Exercise brief: From the data underneath, reproduce exactly the stretch that begins at the line with "Lot of 2 Silver" and ends after the line with "LED aplinkos apšvietimas".

Data extract:
==================================================
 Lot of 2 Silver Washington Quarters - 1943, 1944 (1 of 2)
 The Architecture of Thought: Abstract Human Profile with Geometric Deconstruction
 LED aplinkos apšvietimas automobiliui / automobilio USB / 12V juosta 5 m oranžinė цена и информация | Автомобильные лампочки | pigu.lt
==================================================
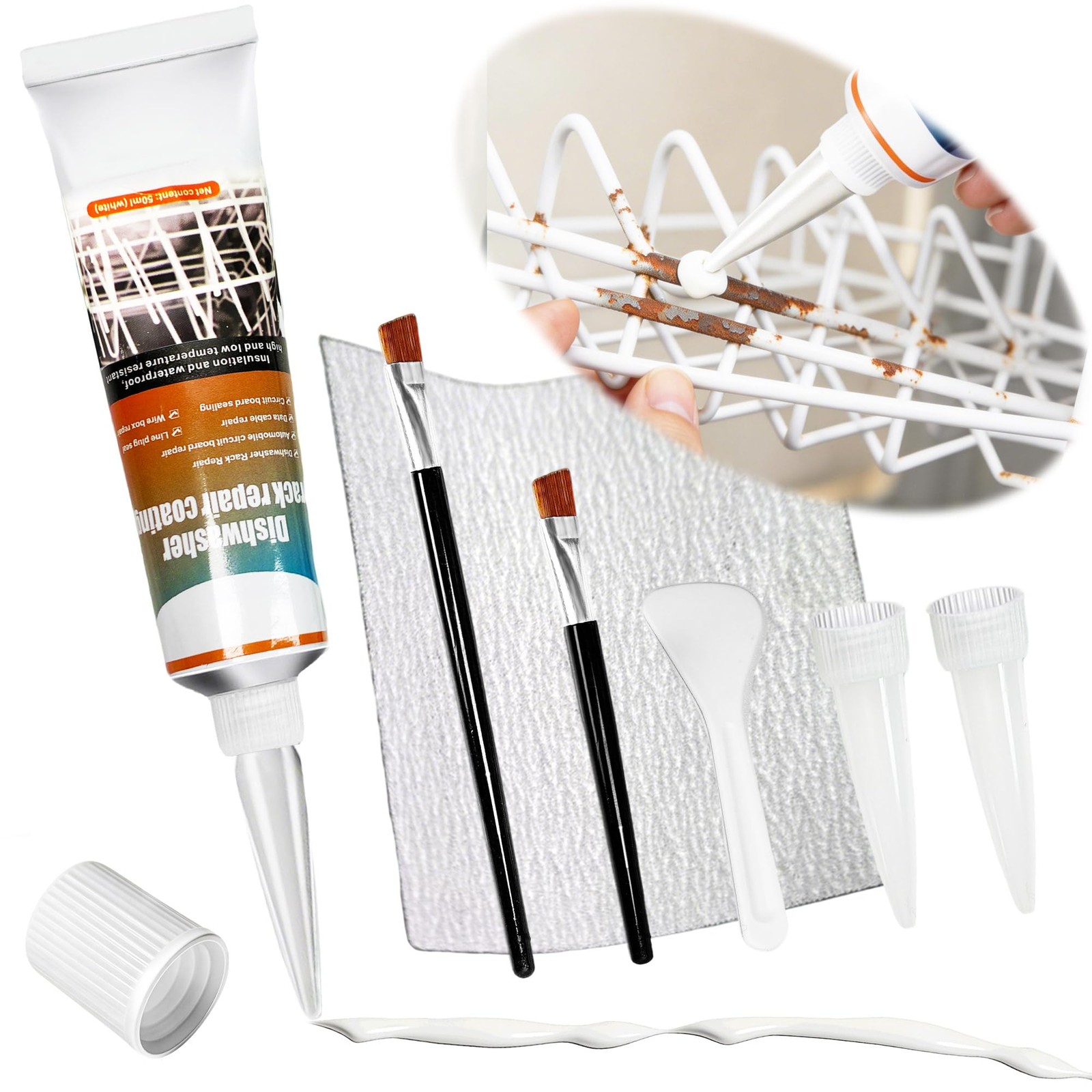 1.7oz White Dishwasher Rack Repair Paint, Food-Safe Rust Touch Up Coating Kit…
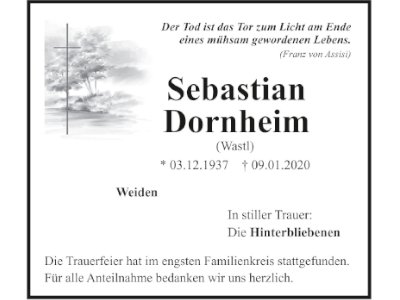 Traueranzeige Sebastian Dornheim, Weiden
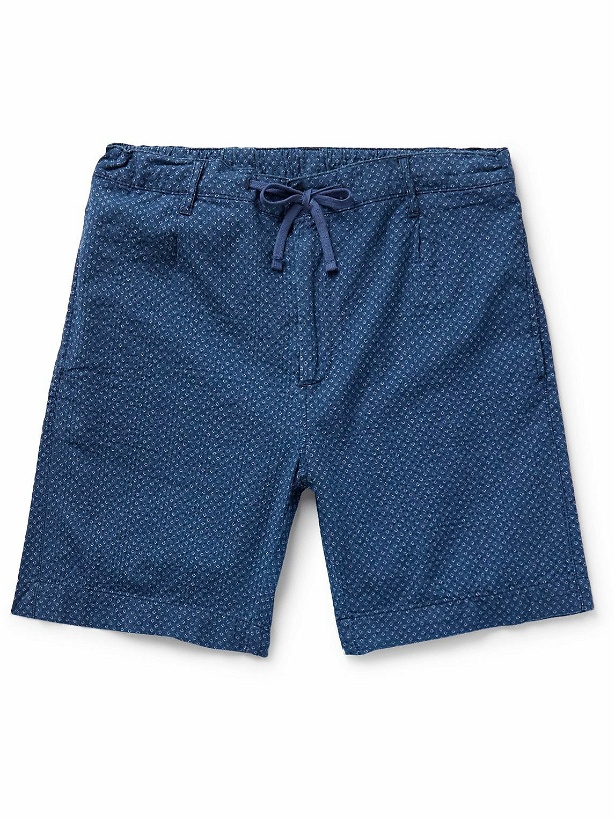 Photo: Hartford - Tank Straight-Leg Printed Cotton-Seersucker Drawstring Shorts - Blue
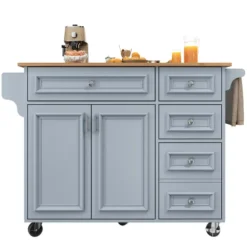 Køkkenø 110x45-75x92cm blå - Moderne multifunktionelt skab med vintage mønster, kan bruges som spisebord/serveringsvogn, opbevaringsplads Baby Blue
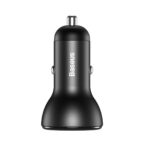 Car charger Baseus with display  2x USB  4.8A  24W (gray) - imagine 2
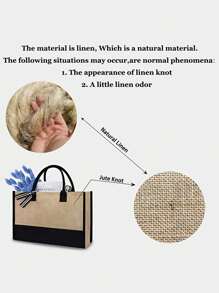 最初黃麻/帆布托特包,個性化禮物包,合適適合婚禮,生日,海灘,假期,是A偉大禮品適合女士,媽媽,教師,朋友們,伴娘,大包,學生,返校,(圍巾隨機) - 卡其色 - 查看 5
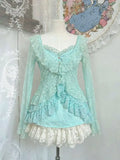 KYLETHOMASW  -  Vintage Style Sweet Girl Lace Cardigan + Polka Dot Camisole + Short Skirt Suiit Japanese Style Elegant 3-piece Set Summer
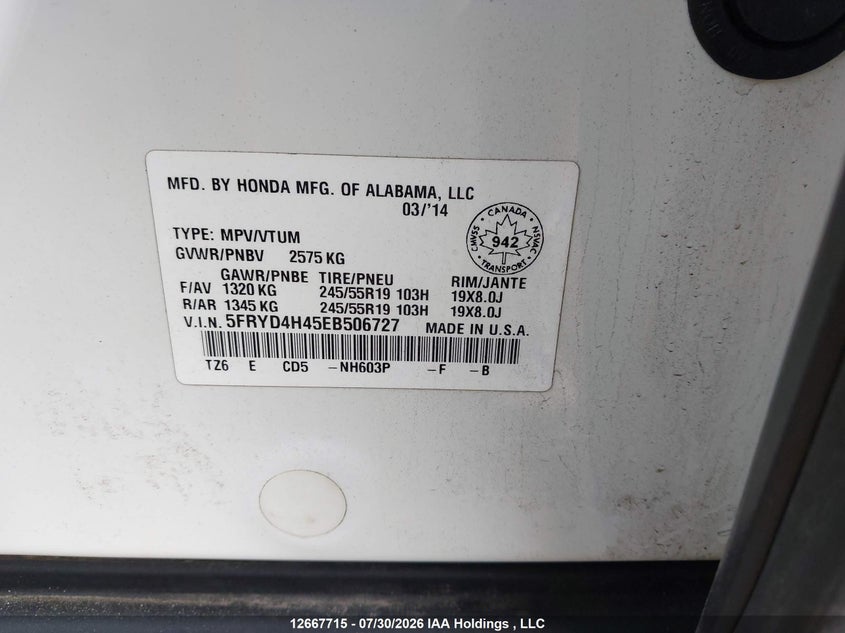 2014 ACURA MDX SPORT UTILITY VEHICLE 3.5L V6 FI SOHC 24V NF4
==================================================
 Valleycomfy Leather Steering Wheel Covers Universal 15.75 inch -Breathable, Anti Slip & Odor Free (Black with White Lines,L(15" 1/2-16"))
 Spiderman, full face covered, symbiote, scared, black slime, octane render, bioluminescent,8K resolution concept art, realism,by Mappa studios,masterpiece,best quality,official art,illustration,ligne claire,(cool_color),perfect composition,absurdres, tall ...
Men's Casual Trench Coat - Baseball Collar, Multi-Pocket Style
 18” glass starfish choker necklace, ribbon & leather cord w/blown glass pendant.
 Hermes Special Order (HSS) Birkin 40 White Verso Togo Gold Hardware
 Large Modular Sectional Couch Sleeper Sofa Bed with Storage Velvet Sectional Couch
==================================================
Written solution:
 Lot of 2 Silver Washington Quarters - 1943, 1944 (1 of 2)
 The Architecture of Thought: Abstract Human Profile with Geometric Deconstruction
 LED aplinkos apšvietimas automobiliui / automobilio USB / 12V juosta 5 m oranžinė цена и информация | Автомобильные лампочки | pigu.lt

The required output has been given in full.